The first thing that's apparent from the chart is who's the best off, from the immediate perspective of long-run debt. Canada's been actively deleveraging for a decade--maintaining the often breathlessly discussed fiscal and financial discipline. Canadian households are leveraging up, but not to a degree that might cause alarm. Superficially, the picture of a relatively healthy economy. Next up is Germany, whose much vaunted fiscal and financial rectitude is on clear display. Debt flatlines across households, governments, and the private sector. Yes, you can argue that Germany's rectitude is the zero-sum benefit of export-led growth that effectively beggars it's neighbors, pushing them into deficit--at least to some extent.
What's more interesting is the sharp spike in the blue lines. They're bailouts, effectively: the transfer of liabilities from the balance sheets of banks to the balance sheets of governments.
Here's what I'd note: that for countries like the US, Ireland, and Japan, government debt begins to substitute for private sector and household debt. Deleveraging is beginning to take hold, in other words, as one kind of debt substitutes for another. The blue line spikes, but the red and green lines decline or flatline. Here, debt has hit a limit, reflecting either stagnation (the US), penury (Ireland), or deflation (Japan).
But in countries like the UK, France, and Spain, government debt spikes, while private sector and household debt continue to grow: there's no substitution effect. From a macro perspective, deleveraging has yet to ignite. Here, bailouts are subsidizing the accumulation of further debt. This is a sharp warning signal that moral hazard is winning the day.
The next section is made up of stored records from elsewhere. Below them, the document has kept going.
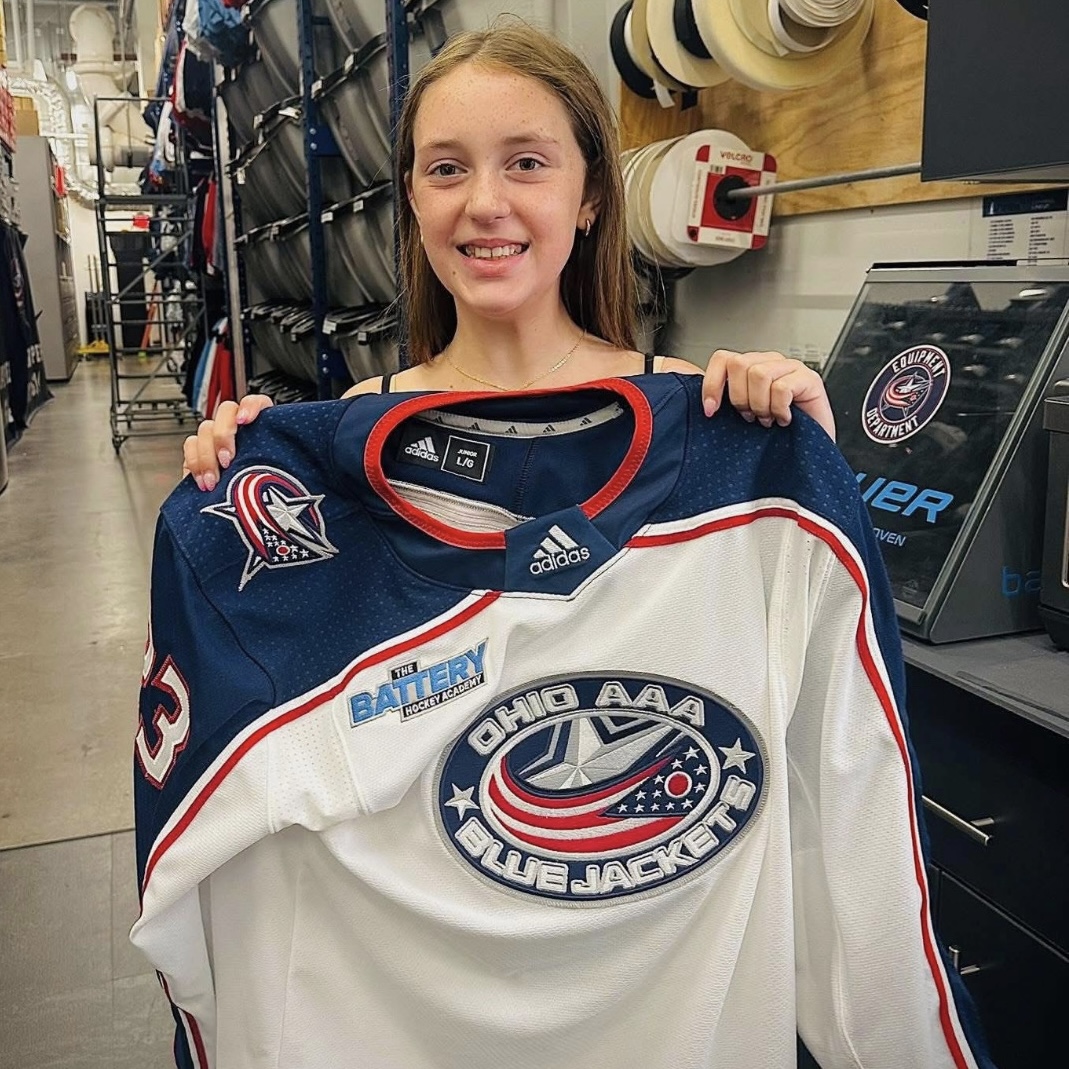 AAABlueJackets's tweet image. All of our love, positive energy and support is with 12U Girls player Quinn Halstead and her family. Quinn has been diagnosed with a brain tumor and will undergo surgery tomorrow to remove it. 

We can&apos;t wait to have you back on the ice, Quinn! You got this!!! 

SUPPORT QUINN…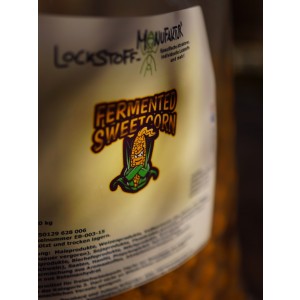 Die Fermented Sweetcorn Boilies werden durch Enzyme aufgeschlossen, wodurch sie nicht nur wesentlich attraktiver und fängiger werden, sondern auch leicher verdaulich für den Karpfen sind.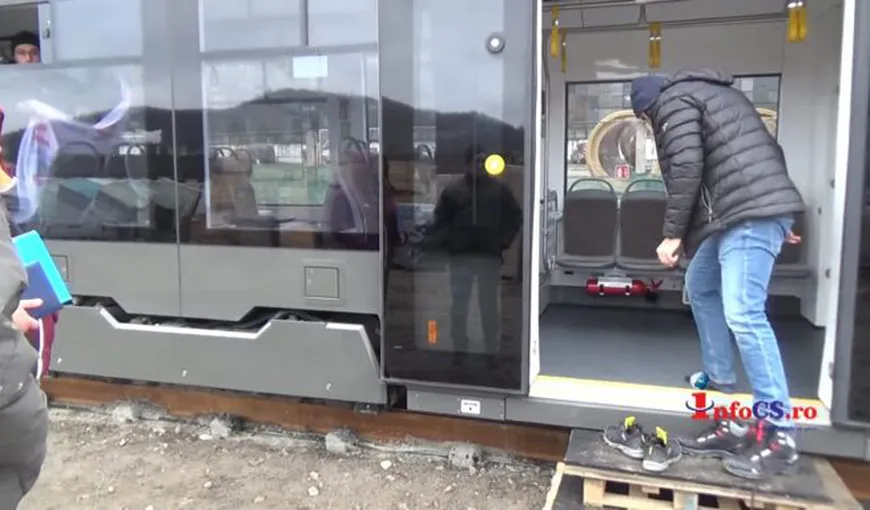 Viralul săptămânii: un român s-a descălţat la urcarea într-un tramvai nou VIDEO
So while there's a great deal of hullabaloo about debt and deficit, here's my suggestion. A quick glance at the dynamics reveals that the great crisis is far from over--and, more problematically, that today's immediate focus on the PIIGS' liquidity issues is to fundamentally overlook the deeper dynamics of debt accumulation and substitution. For many countries, the real crisis hasn't even begun.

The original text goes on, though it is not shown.